I am stuck with the following question. I would be grateful for any help. Assume, we have a simple Gaussian mixture: \begin{align} \text{with prob. } \pi: y &=\mu+\epsilon\\ \text{with prob. } 1-\pi: y &= \epsilon \end{align} I have a prior $\mu \sim \mathcal{N}(\mu_0, \sigma_0^2)$ and I know that $\epsilon \sim \mathcal{N}(0, \sigma^2)$. I observe just one observation $y_1$. I would like to write down a conditional posterior expectation $\mathrm{E}[\mu \vert y_1]$ (and corresponding density $p(\mu \vert y_1)$) in two cases: (1) when I know $\pi$ and (2) when I don't know $\pi$ and only have uniform prior on it $\pi \sim U[0,1]$.

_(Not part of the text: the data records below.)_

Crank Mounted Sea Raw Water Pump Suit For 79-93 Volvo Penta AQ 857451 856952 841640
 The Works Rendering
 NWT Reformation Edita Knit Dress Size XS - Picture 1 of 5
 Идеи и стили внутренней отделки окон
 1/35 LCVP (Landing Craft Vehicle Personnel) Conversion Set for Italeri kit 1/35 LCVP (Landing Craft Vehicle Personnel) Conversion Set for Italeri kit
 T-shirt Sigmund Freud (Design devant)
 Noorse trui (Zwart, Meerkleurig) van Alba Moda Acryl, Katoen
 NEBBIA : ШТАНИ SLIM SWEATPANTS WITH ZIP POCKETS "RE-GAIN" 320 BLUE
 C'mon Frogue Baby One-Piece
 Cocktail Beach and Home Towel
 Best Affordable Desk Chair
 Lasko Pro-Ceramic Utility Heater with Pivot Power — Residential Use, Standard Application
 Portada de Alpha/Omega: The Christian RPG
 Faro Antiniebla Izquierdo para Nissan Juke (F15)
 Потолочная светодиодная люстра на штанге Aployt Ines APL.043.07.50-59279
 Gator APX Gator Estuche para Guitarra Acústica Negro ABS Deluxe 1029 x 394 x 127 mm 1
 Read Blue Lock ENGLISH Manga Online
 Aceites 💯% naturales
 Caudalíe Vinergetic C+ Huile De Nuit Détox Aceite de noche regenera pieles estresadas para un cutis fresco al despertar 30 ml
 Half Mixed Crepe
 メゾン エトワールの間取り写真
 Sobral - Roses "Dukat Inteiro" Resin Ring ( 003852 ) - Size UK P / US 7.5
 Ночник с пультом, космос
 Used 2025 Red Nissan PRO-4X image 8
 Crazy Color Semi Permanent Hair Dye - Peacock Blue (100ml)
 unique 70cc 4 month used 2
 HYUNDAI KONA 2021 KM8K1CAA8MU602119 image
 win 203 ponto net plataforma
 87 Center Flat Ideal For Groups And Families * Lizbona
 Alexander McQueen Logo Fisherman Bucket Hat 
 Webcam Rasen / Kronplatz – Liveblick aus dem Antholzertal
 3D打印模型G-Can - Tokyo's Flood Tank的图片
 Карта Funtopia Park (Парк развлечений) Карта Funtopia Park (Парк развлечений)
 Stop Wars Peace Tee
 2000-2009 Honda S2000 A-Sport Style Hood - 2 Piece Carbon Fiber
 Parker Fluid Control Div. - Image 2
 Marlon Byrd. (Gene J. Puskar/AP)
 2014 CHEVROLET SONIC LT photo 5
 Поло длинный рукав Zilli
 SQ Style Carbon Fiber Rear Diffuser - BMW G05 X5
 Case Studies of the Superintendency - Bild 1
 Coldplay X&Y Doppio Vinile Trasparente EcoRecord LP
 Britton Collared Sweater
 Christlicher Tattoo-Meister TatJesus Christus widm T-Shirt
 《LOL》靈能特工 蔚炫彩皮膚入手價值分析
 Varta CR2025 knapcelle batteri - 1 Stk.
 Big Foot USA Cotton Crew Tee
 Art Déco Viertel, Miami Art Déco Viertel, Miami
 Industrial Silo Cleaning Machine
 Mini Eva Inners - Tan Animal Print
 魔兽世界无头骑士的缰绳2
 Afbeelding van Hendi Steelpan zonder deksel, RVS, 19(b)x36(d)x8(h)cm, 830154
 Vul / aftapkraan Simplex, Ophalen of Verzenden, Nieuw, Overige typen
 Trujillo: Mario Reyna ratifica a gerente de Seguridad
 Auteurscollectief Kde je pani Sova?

For the first case, I think, we should have $\mathrm{E}[\mu\vert y_1]=\pi \left(\mu_0 + \frac{\sigma_0^2}{\sigma_0^2 + \sigma^2}(y_1-\mu_0)\right)+(1-\pi)\mu_0$, while for the second case, this is $\mathrm{E}[\mu\vert y_1]=\int_0^1 \left[\pi \left(\mu_0 + \frac{\sigma_0^2}{\sigma_0^2 + \sigma^2}(y_1-\mu_0)\right)+(1-\pi)\mu_0\right] \, \mathrm{d}\pi$.
Are my calculations correct? What confuses me is that observation $y_1$ is not used in any way to update prior on $\pi$ in the second case. Shouldn't $y_1$ help learning something both about $\mu$ and $\pi$?